The IEA was created in the 1970’s to safeguard oil supplies and has been accused of downplaying renewable energy. No longer.

Wind and solar power installations need to quadruple by 2030, according to the IEA’s net zero pathway. For solar, that requires installation of the equivalent of the world’s largest solar park – every day. Electric vehicle sales need to increase a dozen-fold and EV battery production 40x.

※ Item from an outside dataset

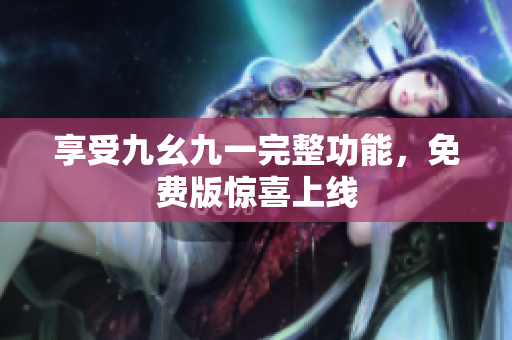 享受九幺九一完整功能，免费版惊喜上线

Global clean energy investment will have to hit $4 trillion a year by 2030, from about $600 billion last year.


Keep it in the ground

The report backs up investors and asset managers pressing fossil fuel companies to cut exploration and drilling – and removes any lingering excuses for asset managers hesitant to take action against complacent directors.

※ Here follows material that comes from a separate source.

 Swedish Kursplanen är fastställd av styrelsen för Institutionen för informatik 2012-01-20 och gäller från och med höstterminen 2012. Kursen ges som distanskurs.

“The industry has used IEA scenarios as a shield to justify its continued investment in oil and gas for a very long time, so this switch is quite momentous,” said Ceres’ Andrew Logan. “It’s going to be an interesting reality check for companies, but also for investors.”

Deployment, deployment, deployment…

The technology to achieve net-zero emissions by midcentury – and carbon-free electricity by 2040 – is mostly available today, said IEA’s Fatih Birol. Deployment, rather than offsets or far-off innovations, are key.

CarbonTracker reached a similar conclusion. Solar and wind can supply more than 100 times global energy demand, argues the firm’s the firm’s Kingsmill Bond in a recent report. About half of that potential is cost-competitive today; more than 90% will be by 2030.

Caveat orbis

More ambitious country and corporate climate pledges are needed ahead of November’s COP26 summit in Glasgow. Current targets fall short of what’s needed to keep warming to 1.5 degrees Celsius. The report lays out 400 decarbonization milestones.

“In the absence of greater international cooperation, it will take several decades longer to reach net-zero emissions globally,” warned Birol.